There may be other ways to keep people and children interested with gaming by incorporating it in different ways. There are art exhibits, concerts, books, comics, soundtracks, and other media that the stories games convey have bled into. Want to still get in your morning run but what to be excited about the next Halo, listen to the soundtrack on your workout. Love Mass Effect and want the stories to continue outside of the game, visit your local comic or book store. Comics and books can be read in parks, the beach, on the train, in a plane, on your phone, on your tablet, or at home. I know reading game related material or listing to soundtracks as I write or during my walks brings me to the console space with excitement. Listening to soundtracks of games I have played years ago, triggers memories making my brain more active, while I am actively doing something else. When my friends and I were younger, going outside to play Laser Tag, play in the snow, play wiffle ball or even climbing a tree became something different because we include gaming into those activities. During snow days my back yard and drive way became the Battle of Hoth, Laser Tag was a mixture of Resident Evil and Jurassic Park, and playing sports games gave us better understandings of those sports and we would mimic batting stances, or moves we saw in the games. It wasn’t about the violence or gun play or any of that, it was about creating new, fun, and exciting experiences from what we had played. We incorporated games and story lines into our childhood play, something I see absolutely none of today. There is just no imagination in today’s youth. Maybe gaming is being passed up, because it is a creative industry that sometimes requires a creative input from the player, and that creativity is just lost. I mean look at the styles of clothes now, none of it is creative, it is all regurgitated from the 70-80’s and I hate it. Maybe this generation has become creatively sterile and the only way they can express it is through the new game of social media.

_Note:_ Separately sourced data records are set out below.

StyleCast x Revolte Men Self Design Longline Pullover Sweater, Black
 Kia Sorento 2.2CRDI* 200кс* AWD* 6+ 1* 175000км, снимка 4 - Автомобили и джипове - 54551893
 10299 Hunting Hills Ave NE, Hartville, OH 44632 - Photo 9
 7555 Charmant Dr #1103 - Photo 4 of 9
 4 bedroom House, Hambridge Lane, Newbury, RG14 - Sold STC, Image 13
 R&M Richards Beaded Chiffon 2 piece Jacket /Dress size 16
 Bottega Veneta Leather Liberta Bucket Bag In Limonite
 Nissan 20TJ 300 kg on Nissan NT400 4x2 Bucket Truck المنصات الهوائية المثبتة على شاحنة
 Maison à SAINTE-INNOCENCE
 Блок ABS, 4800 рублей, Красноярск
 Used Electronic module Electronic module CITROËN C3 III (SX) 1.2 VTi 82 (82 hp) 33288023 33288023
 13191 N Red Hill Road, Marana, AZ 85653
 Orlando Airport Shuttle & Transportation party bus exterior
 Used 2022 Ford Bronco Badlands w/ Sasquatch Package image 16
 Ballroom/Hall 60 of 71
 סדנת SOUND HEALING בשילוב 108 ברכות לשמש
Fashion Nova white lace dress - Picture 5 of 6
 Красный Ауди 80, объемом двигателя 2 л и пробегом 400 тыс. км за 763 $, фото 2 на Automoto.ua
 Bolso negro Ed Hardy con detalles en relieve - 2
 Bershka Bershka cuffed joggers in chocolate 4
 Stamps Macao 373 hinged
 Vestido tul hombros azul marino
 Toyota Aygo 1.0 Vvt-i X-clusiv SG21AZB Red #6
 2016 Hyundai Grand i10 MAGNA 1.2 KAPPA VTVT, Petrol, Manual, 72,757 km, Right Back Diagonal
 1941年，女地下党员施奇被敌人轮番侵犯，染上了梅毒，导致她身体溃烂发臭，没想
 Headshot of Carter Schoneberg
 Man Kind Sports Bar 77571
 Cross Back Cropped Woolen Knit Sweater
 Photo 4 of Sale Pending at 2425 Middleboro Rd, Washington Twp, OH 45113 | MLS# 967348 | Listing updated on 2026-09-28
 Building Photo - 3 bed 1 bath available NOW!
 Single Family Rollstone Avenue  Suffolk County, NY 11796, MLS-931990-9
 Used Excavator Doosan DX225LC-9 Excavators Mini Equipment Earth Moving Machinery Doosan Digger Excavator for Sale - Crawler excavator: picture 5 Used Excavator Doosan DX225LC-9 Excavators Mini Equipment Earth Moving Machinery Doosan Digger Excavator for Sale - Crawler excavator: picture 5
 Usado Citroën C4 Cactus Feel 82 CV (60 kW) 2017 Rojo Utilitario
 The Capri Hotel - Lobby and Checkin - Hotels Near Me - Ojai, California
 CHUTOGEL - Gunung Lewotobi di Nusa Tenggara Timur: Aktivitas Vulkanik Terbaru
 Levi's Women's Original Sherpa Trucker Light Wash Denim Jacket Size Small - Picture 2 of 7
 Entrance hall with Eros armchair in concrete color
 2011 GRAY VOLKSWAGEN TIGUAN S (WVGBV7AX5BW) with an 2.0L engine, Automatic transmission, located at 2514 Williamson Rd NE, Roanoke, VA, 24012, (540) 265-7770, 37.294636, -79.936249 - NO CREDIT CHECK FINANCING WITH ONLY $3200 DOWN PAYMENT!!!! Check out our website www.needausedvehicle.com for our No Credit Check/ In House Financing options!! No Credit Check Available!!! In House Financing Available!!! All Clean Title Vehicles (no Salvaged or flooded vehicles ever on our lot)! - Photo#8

There are several things I have gone over to try and resolve this issue that is apparent. There is one way I haven’t yet addressed. In a recent interview with Peter Molyneux (formerly of Lionhead Studios and now at 22 Cans), how the Xbox can be successful, trim the media fat, and make it about games. With this generation we have seen the simple starts as being a DVD/Blu- Ray player to an entire media hub where it forgets about being a game console. The Xbox 360 dashboard is so bogged down with media apps, advertisements and other schlock that it makes finding games and game related material a chore. I don’t care that I can tweet, add Facebook friends, order a pizza, or have military propaganda flooding the advert space; I want it to play games, connect me to people to play games with, and to let me lose myself in story and HD visuals. Anyone can buy an iPad, Roku Box, or surf the web on their phone. Console makers need to make the consoles focus and regain what we buy them for in the first place, to play games. I can buy a PC and do everything at once. But people by consoles because of the different gameplay experiences, ease of use, there is no updating hardware and they can spend the money and be happy for years with what is in the box. I buy Nintendo consoles for the interesting ways to play and their core franchises. I buy Sony products to play original titles like ICO, Shadow of the Colossus, and titles that feel at home on their products like Final Fantasy and Metal Gear. I buy Microsoft products for universal connectivity across all products (from my W7 phone, to my Zune, to my Xbox, and my email), for the comfortable controller, their exclusives, and I am a bit of an achievement junkie. Out of all three have I mentioned that I can watch Netflix, or get on Twitter, or because I like advertisement shoved into my eyeballs at every turn? No, and that is the way it should be. Each has their strengths and they need to feed off of those and focus on games.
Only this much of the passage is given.